▸ WHAT YOU ARE ASKED TO DO
Return the data that follows exactly as it appears. Pictures do not belong in the copy.

▸ PROVIDED MATERIAL
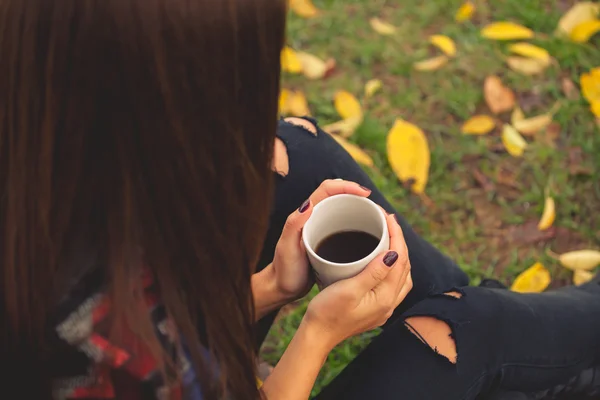 Dinlenme ve içme kahve sonbahar bahçede oturan güzel kız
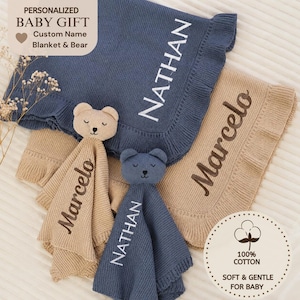 May include: A personalised baby gift set with two knitted blankets and two bear security blankets. The blankets are navy blue and tan, embroidered with the names "Nathan" and "Marcelo". The bear security blankets match the colours of the blankets.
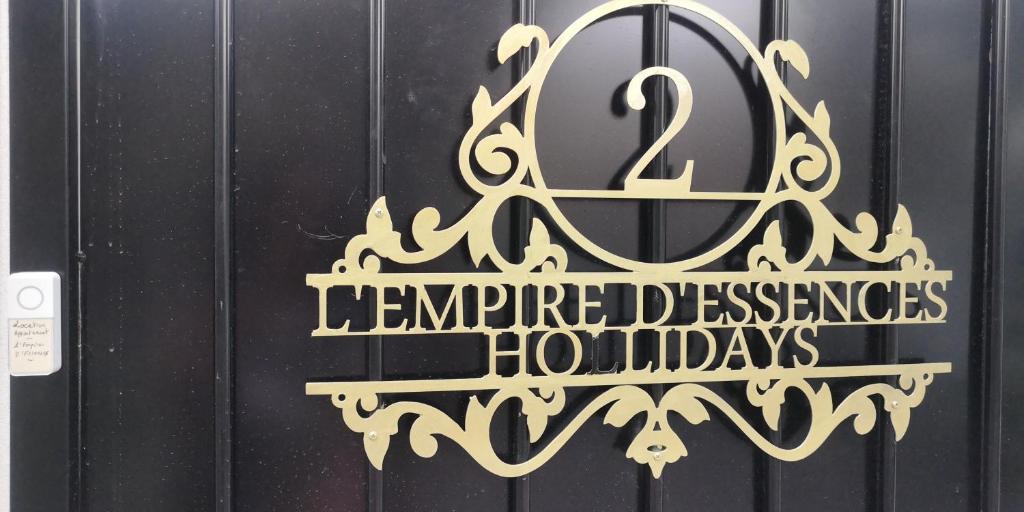 a sign on a door with a number two remembered pleasures holidays at L'Empire D'Essences Appartement in Valréas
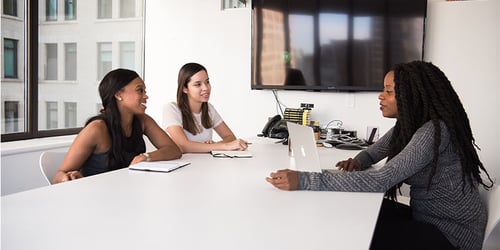 A group of people sit in a conference room having a discussion across from one another.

▸ EXPECTED ANSWER
 Dinlenme ve içme kahve sonbahar bahçede oturan güzel kız
 May include: A personalised baby gift set with two knitted blankets and two bear security blankets. The blankets are navy blue and tan, embroidered with the names "Nathan" and "Marcelo". The bear security blankets match the colours of the blankets.
 a sign on a door with a number two remembered pleasures holidays at L'Empire D'Essences Appartement in Valréas
 A group of people sit in a conference room having a discussion across from one another.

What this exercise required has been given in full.